= Beginning of Section =
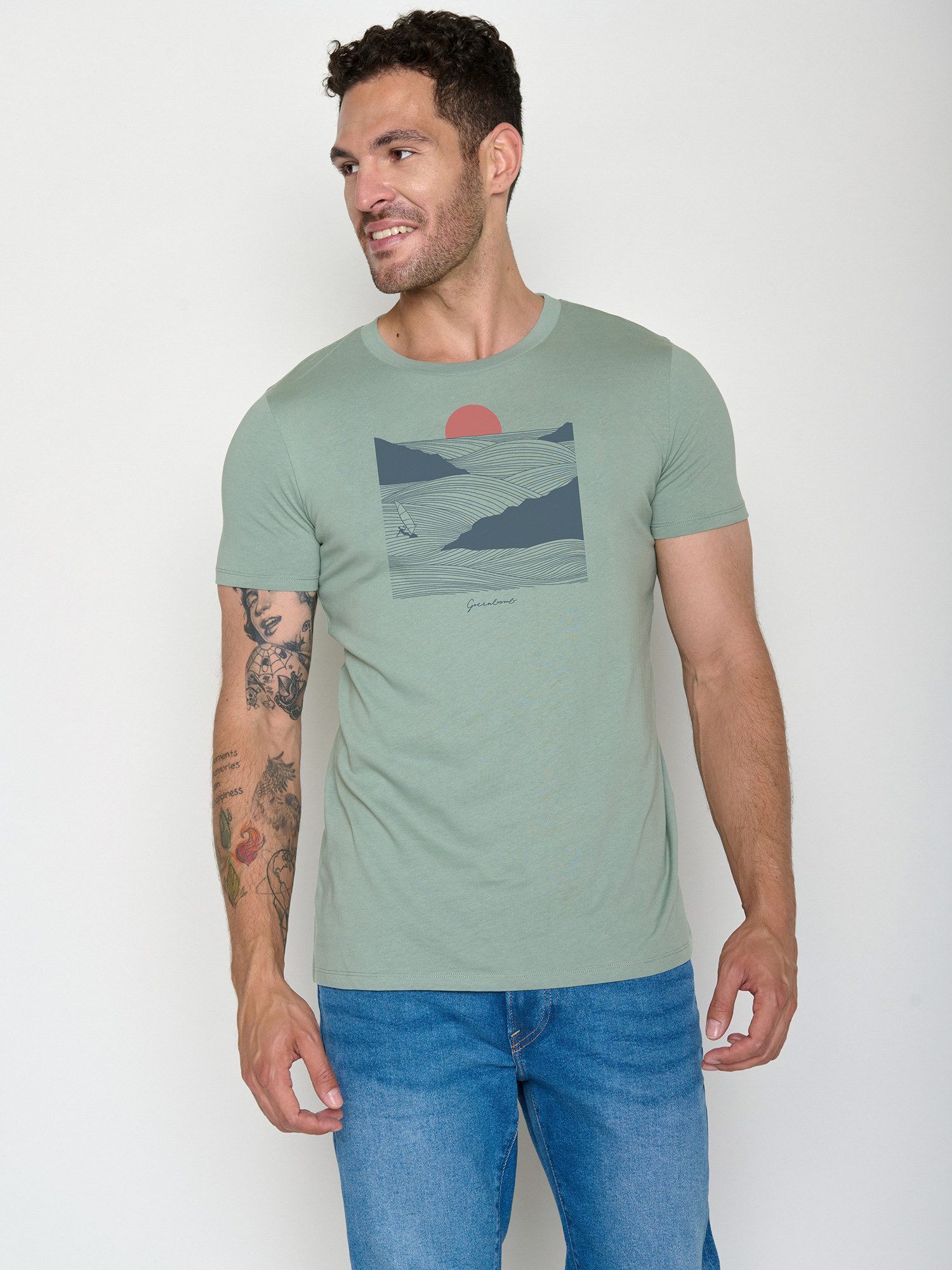 GreenBomb Guide Surf Cliff (1-tlg., 1) klassischer Schnitt, tailliert, Rundhalsausschnitt, Bio-Baumwolle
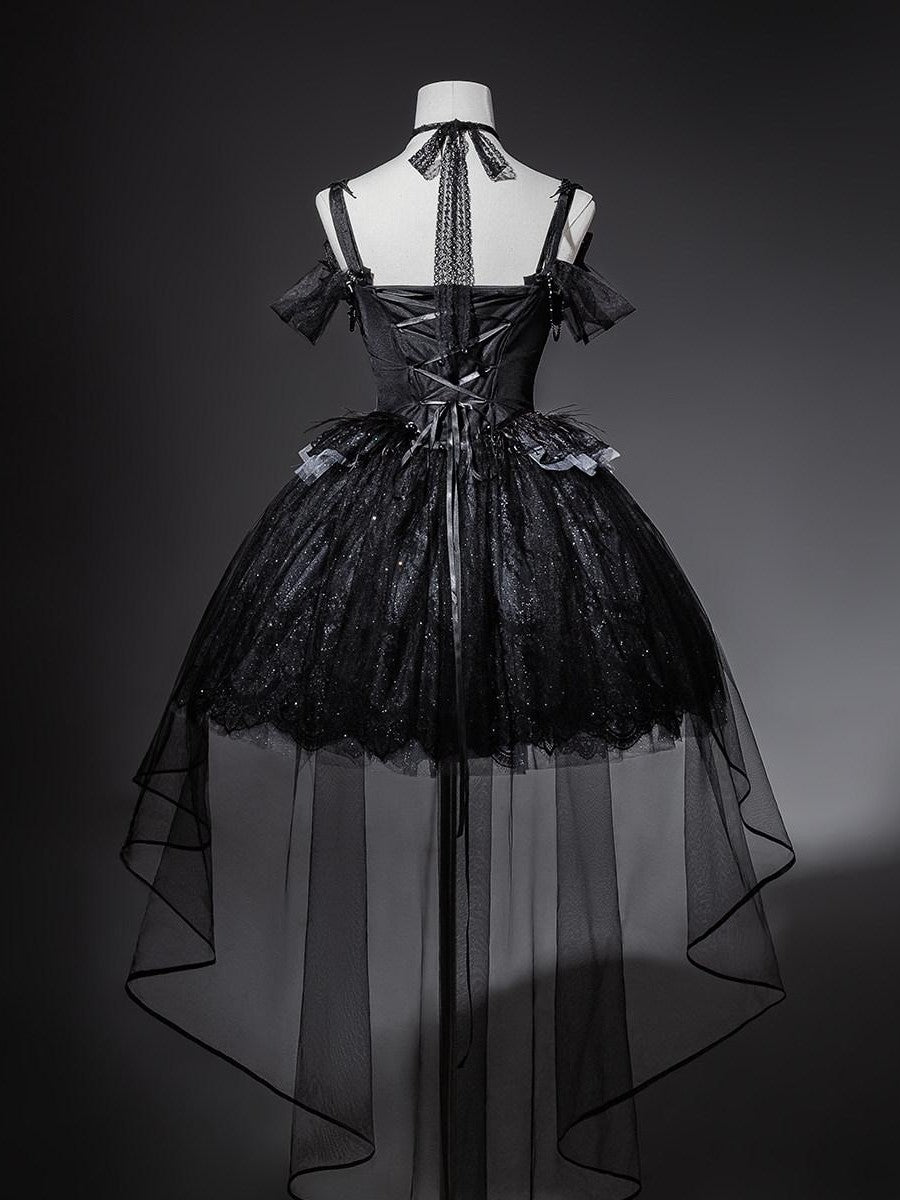 Sweet Promise Gothic Lolita Square Neck Black Four Piece Women's Jsk / Jumper Skirts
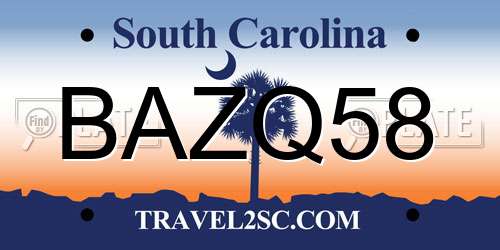 BAZQ58 South Carolina License Plate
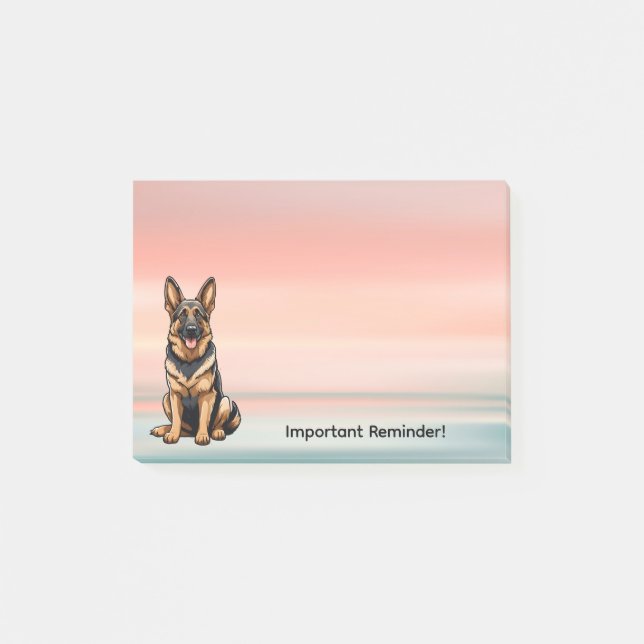 Bloco De Notas German Shepherd Dog with Sunset (Frente)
= End of Section =
| WHAT THE EXERCISE ASKS |
Return the data verbatim, leaving out the pictures it holds.

| WRITTEN REPLY |
 GreenBomb Guide Surf Cliff (1-tlg., 1) klassischer Schnitt, tailliert, Rundhalsausschnitt, Bio-Baumwolle
 Sweet Promise Gothic Lolita Square Neck Black Four Piece Women's Jsk / Jumper Skirts
 BAZQ58 South Carolina License Plate
 Bloco De Notas German Shepherd Dog with Sunset (Frente)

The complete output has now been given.